6.1.14
En el diván
No salió del todo perfecto. Yo no era ningún matón y aquél era mi primer contrato. Pero que más da lo que ocurriese, logré echar al tipo de casa. Eran las ordenes: "A las 23:30 antes de la infusión del resopón le das el pasaporte. Para siempre".
Después por el arte de birlibirloque tuve que salir con dos maletas y escoltada por la policía, en lo que parecía una detención en toda regla. A lo hecho pecho, yo en comisaría pero con el pasaporte en la mano.
Cuando volví a la consulta, estaba eufórico, no podía creerlo. Tomé un cigarrillo de su paquete, le prendí fuego e intenté recordar la magnífica escena con pelos y señales. Ahí estaba yo, en mitad del pasillo, interceptándole el paso a un animal de esa calaña y gritando ¡Largo!. Lo dije con la voz algo impostada. Él quedó pasmado aunque hacía que no se inmutaba. Dirigió sus pasos hacia el mueble del salón, sacó el revólver y lo dejó junto al gramófono. Las armas no estaban contempladas en aquel acto, así que pedí ayuda y salí pitando.
Llevé a la jefa, el día acordado, el cuaderno de las miserias humanas. Un tratado sobre los entresijos de la mente humana que iba ayudar a descifrar mis actos, tal vez los del mundo entero.

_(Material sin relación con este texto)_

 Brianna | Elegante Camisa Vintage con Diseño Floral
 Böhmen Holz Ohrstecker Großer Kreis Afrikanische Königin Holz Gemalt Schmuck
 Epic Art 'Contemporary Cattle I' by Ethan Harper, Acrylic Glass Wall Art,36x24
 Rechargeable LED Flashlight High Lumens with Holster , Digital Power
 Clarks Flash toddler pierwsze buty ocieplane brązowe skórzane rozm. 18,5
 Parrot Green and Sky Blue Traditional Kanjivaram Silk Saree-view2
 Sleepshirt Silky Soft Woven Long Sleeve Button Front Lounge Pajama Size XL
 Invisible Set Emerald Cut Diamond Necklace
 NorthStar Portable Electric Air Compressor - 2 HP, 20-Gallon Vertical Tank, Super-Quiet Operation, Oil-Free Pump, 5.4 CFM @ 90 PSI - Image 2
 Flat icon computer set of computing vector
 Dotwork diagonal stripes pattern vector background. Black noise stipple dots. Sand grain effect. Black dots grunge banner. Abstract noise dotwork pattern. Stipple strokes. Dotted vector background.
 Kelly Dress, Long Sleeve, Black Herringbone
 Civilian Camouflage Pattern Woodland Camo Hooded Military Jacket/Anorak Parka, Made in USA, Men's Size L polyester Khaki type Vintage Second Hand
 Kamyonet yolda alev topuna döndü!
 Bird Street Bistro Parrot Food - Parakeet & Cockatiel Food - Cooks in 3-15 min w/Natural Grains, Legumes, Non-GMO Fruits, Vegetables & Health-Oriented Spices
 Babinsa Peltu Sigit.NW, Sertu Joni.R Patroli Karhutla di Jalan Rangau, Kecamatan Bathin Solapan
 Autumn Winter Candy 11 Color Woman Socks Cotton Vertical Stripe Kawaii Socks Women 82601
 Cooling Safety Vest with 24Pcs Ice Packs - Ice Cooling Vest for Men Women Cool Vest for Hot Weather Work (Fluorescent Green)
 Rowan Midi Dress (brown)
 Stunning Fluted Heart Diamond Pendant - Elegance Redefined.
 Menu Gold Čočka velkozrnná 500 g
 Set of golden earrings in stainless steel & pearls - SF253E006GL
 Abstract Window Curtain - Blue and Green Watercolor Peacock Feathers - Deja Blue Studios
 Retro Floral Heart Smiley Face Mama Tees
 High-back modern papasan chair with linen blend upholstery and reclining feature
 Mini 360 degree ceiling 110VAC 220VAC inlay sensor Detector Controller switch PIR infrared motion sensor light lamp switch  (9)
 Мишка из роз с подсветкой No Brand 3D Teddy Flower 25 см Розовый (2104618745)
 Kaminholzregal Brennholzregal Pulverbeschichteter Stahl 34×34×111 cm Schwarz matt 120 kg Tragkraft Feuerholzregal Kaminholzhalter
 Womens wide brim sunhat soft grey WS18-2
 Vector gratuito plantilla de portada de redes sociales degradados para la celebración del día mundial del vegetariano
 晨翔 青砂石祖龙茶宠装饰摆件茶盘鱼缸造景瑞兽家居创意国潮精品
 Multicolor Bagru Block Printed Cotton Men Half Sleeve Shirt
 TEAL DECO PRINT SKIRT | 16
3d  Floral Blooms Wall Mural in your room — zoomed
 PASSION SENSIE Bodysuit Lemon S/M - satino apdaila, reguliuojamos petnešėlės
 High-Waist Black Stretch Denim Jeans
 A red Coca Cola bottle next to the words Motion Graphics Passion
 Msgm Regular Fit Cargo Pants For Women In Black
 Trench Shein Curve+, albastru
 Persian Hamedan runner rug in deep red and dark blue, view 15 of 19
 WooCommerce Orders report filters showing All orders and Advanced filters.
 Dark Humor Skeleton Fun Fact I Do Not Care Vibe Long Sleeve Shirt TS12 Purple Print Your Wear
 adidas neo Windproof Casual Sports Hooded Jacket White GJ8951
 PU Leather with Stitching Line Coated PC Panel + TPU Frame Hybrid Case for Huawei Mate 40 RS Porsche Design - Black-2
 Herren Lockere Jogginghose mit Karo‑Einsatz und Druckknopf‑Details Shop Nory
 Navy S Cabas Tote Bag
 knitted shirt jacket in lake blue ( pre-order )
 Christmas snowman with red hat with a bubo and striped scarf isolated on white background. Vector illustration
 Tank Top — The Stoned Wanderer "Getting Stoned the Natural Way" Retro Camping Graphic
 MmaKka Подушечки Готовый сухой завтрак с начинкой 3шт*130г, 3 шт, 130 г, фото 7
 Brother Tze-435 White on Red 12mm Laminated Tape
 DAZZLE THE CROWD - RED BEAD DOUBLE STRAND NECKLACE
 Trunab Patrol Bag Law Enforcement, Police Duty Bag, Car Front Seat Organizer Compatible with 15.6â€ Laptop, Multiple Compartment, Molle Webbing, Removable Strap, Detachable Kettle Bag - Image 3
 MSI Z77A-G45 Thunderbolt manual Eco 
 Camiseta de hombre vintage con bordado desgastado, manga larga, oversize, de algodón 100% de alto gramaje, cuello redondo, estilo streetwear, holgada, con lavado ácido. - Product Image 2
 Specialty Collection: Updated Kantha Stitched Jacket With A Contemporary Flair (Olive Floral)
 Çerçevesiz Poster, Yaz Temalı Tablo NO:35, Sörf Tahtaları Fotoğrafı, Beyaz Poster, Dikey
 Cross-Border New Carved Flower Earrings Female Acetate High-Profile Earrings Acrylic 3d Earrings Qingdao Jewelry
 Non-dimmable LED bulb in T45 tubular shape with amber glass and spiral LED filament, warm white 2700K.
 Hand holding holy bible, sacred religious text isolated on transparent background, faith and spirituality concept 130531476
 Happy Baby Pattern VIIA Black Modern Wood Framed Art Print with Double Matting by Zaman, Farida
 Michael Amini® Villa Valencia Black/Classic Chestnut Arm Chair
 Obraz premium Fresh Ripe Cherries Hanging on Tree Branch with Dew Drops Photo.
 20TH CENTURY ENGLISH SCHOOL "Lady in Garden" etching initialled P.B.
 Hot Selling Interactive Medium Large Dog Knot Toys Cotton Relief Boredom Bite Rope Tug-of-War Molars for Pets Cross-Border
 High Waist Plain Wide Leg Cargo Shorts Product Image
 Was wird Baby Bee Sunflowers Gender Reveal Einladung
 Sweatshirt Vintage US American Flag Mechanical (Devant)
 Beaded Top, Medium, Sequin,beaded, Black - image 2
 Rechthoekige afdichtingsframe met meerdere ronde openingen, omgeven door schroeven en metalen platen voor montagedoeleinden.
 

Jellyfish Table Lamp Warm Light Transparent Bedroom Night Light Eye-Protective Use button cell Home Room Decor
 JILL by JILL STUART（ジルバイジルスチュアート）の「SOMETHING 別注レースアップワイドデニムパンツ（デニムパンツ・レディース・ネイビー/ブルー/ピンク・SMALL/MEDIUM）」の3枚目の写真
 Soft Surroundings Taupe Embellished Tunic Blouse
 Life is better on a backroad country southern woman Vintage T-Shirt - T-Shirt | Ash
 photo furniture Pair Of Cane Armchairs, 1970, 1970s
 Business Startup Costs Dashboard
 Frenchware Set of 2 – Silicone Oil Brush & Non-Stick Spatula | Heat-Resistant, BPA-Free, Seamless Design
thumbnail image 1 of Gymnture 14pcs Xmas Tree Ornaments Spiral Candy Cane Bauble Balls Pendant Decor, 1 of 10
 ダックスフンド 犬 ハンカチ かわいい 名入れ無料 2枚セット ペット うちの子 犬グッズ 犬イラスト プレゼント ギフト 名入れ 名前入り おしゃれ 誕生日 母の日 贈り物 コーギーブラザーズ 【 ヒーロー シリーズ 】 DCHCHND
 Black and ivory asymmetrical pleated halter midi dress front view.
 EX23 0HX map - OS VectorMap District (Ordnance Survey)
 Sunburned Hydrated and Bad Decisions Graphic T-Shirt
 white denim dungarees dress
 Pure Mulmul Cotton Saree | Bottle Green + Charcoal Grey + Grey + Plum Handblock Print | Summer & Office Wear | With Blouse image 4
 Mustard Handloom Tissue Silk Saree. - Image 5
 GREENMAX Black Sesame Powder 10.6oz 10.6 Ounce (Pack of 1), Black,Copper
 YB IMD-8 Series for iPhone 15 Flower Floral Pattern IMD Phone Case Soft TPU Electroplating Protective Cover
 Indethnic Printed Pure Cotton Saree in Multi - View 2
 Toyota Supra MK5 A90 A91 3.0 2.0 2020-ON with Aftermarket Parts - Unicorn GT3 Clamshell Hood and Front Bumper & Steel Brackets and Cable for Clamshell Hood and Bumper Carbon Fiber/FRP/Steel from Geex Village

Ella leía con desinterés entre profundas caladas algún fragmento de páginas elegidas al azar. No decía nada, de vez en cuando levantaba las cejas y como en un descuido pregunto: "¿Ha dado señales de vida? - Imposible -le dije.
Después dio la cita por terminada y dijo que podía tirar el cuaderno a la basura. Sin delicadezas, ya conocía yo cómo trabajaba.
Si quería escribir tendría que hacerlo para toda la gente.